There have been several figures thrown around in the press about how much Russian oil supply has been taken out of the market since its invasion of Ukraine. While there is clear evidence that buyer hesitancy and recent US sanctions on imports have hit international movements of Russian petroleum, we have yet to come across reliable data to gauge the actual volume effect.
Reliable volume measurements notwithstanding, we have seen severe downward pressure on the price of Urals crude relative to its benchmark and we’ve seen a severe spike-up in the price of diesel fuel relative to global crude benchmarks — known as the diesel crack. The spike in diesel cracks has occurred in all key markets and likely stems from supply-side issues — as opposed to a demand surge. About one-fifth of Russia’s petroleum exports are for diesel fuel, and we suspect that those flows have been impacted by the same buyer avoidance seen for crude.
This past week witnessed a tangential effect related to Russia’s invasion, namely a statement from the Kremlin that crude flows on the Caspian Pipeline Consortium — a 1,500 km pipeline that transports oil mainly from Russia and Kazakhstan to the Black Sea — will be reduced for at least two months.
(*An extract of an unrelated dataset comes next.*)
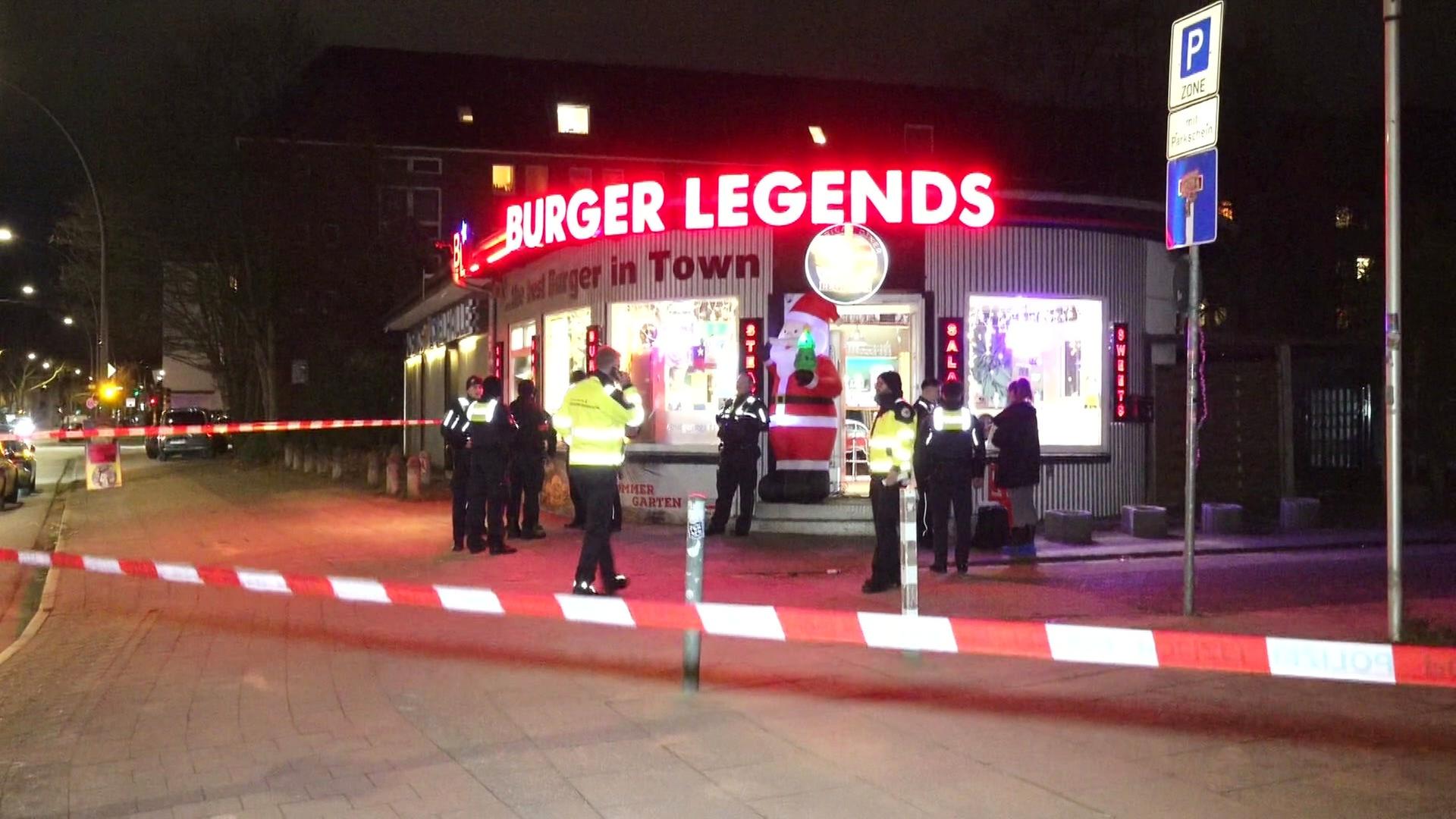 Mann in Hamburger Burger-Laden angeschossen, Verdächtige auf der Flucht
The reason offered was “weather damage” to two of the three tanker loading facilities, and this is expected to cut flows to its Black Sea port by a million barrels per day. While some Russian crude is blended into that line’s throughput, the bulk of the disruption seems to hit Kazakhstani output.
But there’s a rub.
Those export berths are engineered to withstand severe weather conditions leaving us to question the reason given for the disruption. Frankly, Russia forcing the system offline would make the prospect of any additional sanctions on its petroleum exports more unpalatable. While this view may seem cynical, our experience covering the global energy markets over four decades lead us to this conclusion.
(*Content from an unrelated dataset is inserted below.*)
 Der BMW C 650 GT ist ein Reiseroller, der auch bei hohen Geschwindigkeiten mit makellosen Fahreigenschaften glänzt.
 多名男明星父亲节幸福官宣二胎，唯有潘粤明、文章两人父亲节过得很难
From a global oil balance perspective, any losses of the Organization of the Petroleum Exporting Countries or non-OPEC supply are problematic. We have been very up-front with our clients, and in our columns in the Arab press, about the state of oil supply and demand. More specifically, we have been forecasting that global oil inventories would see a drawdown this year on top of the all-time record draw last year.
We cannot stress enough that our view about a further tightening of the world’s petroleum balance stands sharply at odds with the consensus projection for the system to loosen and that inventories will build. You may recall that this was also the case in 2021 as most all market watchers were certain storage last year would swell.
We are in the ninth consecutive year of capital budgets for oil exploration and production being lower than the high 2014 watermark. There has already been $2.2 trillion of spending forfeited over this time which, we contend, will result in structural supply tightness.
Misplaced beliefs that shale crude would result in a permanent surplus in the global system have been supplanted by equally misplaced beliefs about the “death of oil demand.” That large oil-consuming countries are discussing yet another round of emergency stockpile releases speaks to flawed thinking about those pushing green energy policies and related anti-carbon lobbying. Dumping oil from emergency stockpiles will do little to counter the structural pressures that we have been forecasting.